Singing is merely talking with rhythm and meter….oh yea and it sounds nicer too…well at least some people sound nicer.
The quality of the sound isn’t the point. It’s the sound, the vibrations and tones that find its’ way through our soul and out of our mouths.
Every word has meaning, whether we assign it meaning or recognize its’ meaning is
another issue. (Too often we let our words, i.e. songs, become disconnected from our souls because we abuse them, we overindulge in their careless use.) But words and sounds do not exist to be pointless. It all has a point and comes from someplace inside of us.
I may even suggest that words are really a form of one person connecting to another. They leave our mouths with the hopes that someone will hear, someone will acknowledge our existence, someone will agree, someone will protest…we will at least get some form of connection good or bad. We don’t let words emerge from our mouths for nothing.
We use words and the melodies of our spirit to inform, identify, direct, encourage, correct, vent etc. We build verbal bridges…good and bad, constructive and destructive, in order to create a place where the ideas, motives and secrets of our hearts and minds can be transported somewhere else, to someone else.
Ok so that thought is getting big but let’s go back to the original question. Why do we sing?
To connect.
Love songs get us to connect with someone else whom we are fond of. Socially and politically based songs connect us to a cause we hold vigilant in our hearts. Contemplative songs connect us to the emotional and spiritual temperature of our own souls.
Worship, praise…God songs (whatever you want to call them) connect us to this idea that He is over is all and cares about it all, He created it all, knows it all and wants to hear all about whatever you need to say. But these songs do something that other genres of music do not.
They connect us to the Person of God.
Oh yes, they tend to be theologically thematic and focused on the God of the Bible.

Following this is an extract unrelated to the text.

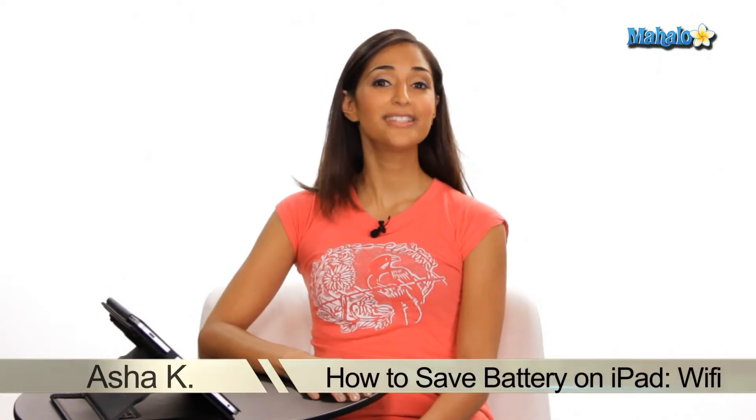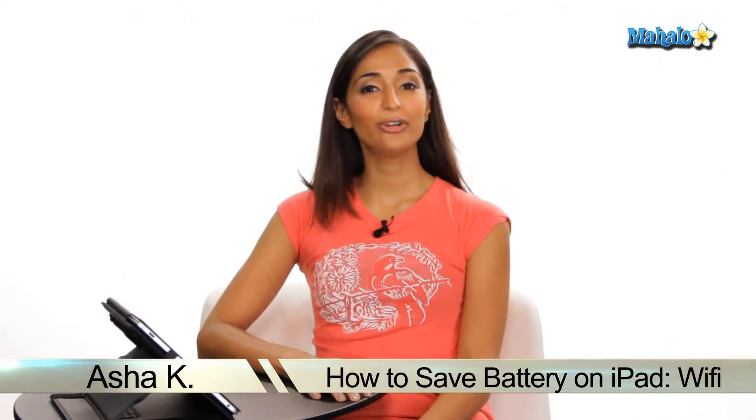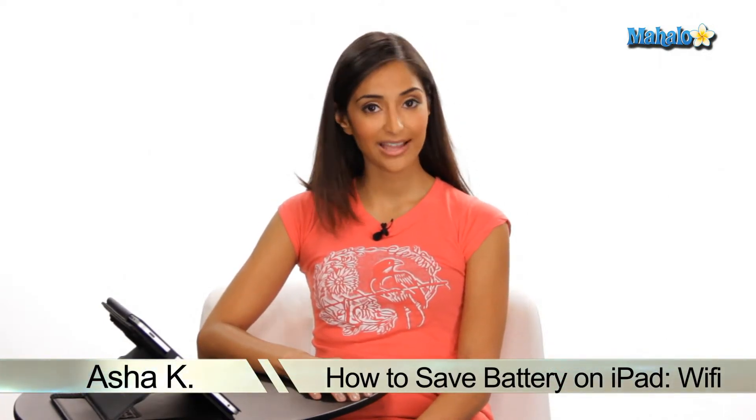Hey everyone, I'm Asha Kay, your tech guru, and today I'm going to show you how to save battery on your iPad using Wi-Fi. According to Apple, you can get up to 10 hours of battery life using a Wi-Fi network and only 9 hours of battery life on a 3G network.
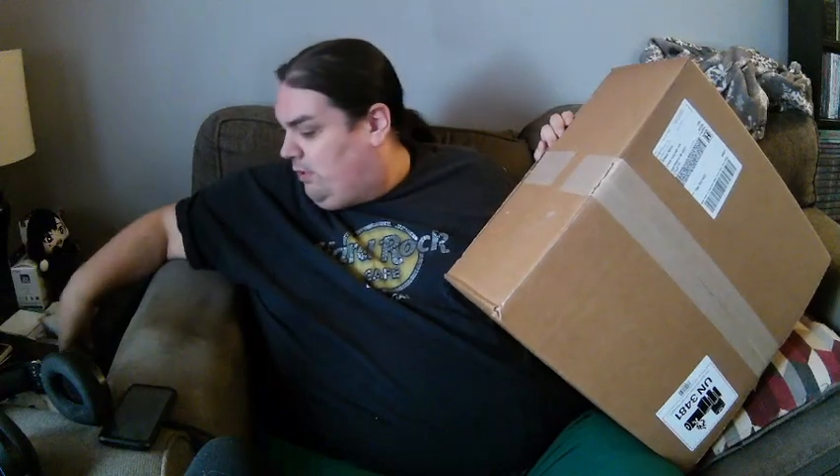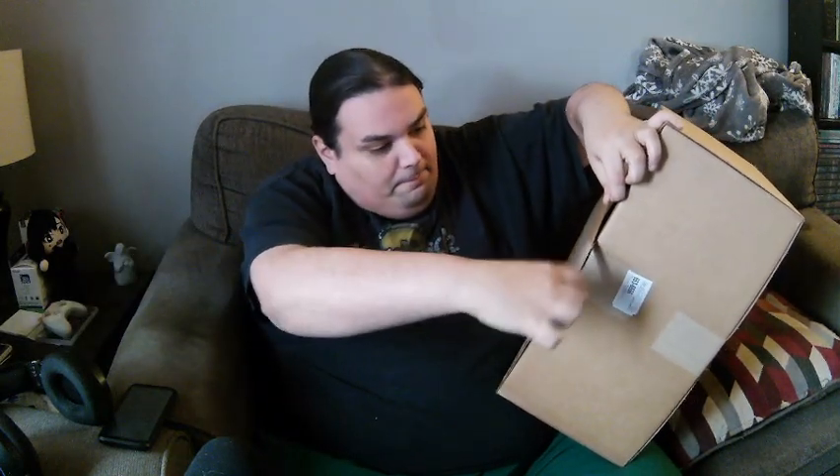Okay, set that down right over here. That's not gonna be enough to open this — hold on. There we go, and I can get it from there.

But they also help us build a bridge from our soul to God’s. And from God back to us.
When we sing these songs either when we are alone, at church or bible study, prayer group or retreat, the opportunity exists to connect to God. Sometimes our minds our fuzzy and our hearts are far, but we sing anyway. I think that is ok because God understands our weakness and yet connects back with us, even if we don’t feel it or sense it. The truths about who He is serves as the bridge He builds to connect with us.
He understands the depths of our souls even when we don’t.
Our need to sing tells a bigger story about us; one that we may or may not seek to read but there is a bigger story to us none-the-less.
The fact that we sing, even if we don’t know why, speaks to our need to connect.
A need that was set in our being long before we were born, God designed us to connect.